5 things Google needs to do better in 2021

Google I/O Keynote
Google I/O Keynote (Image credit: Android Central)

Google isn't the same feel-good company it was 10 years ago. But while the "Don't be evil" motto has changed and fewer people think of Google as a benevolent overlord, the company isn't actually any more terrible than any other. It's just fun to argue about tech on the internet.

But there are a lot of places where Google can do better. Whether it's how it makes the best Android phones even better or how the company handles pressing social issues, all of us can think of a few ways Google needs to get better at doing.

1. Pay its fair share of taxes

Photos only. No shenanigans.

Source: Android Central (Image credit: Source: Android Central)

A little back story is in order here, but I started with this because it's something all companies doing business in the U.S. need to start doing. Or start getting sued for.

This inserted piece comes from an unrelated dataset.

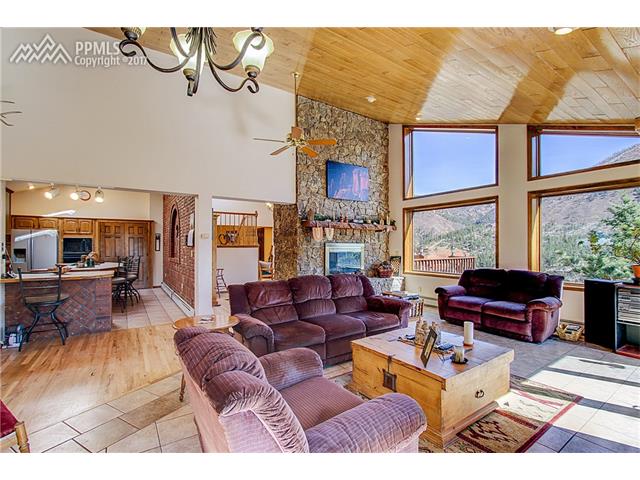8755 Ute Road, Cascade, CO 80809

This particular Dutch sandwich only tastes good to mega-corporations.

For a long time, Google used what's called the "Dutch sandwich.)" tax strategy. Google used offices in Ireland, the Netherlands, and Bermuda to pay next to nothing on billions of dollars for years. It works like this: money is moved from an Irish subsidiary to a Dutch capital holding company, then to an Irish owned company in Bermuda that has the "rights" to use and license Google intellectual property. Bermuda, it seems, has zero corporate income taxes, and this was all legal until 2014.

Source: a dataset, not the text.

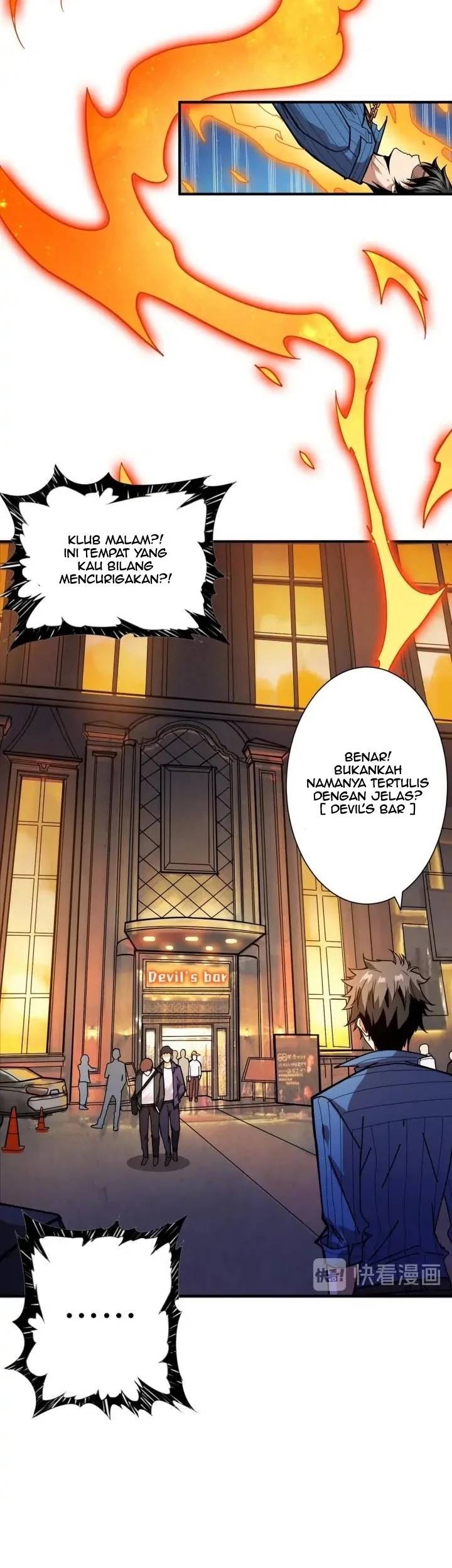 God Slayer Chapter 147 Gambar 19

Part of the arrangement when Irish tax law changed in 2014 was that Google could continue to dodge taxes this way until 2020. Sounds like it's solved then, right? It's not. Incentives offered by the Trump administration drastically lowered corporate taxes and the Jobs Act of 2018 allows corporations to move money made overseas into the U.S. without paying any additional tax. This means Google is able to bring billions into the country without paying any taxes and only has to pay about 20% of income earned in the U.S.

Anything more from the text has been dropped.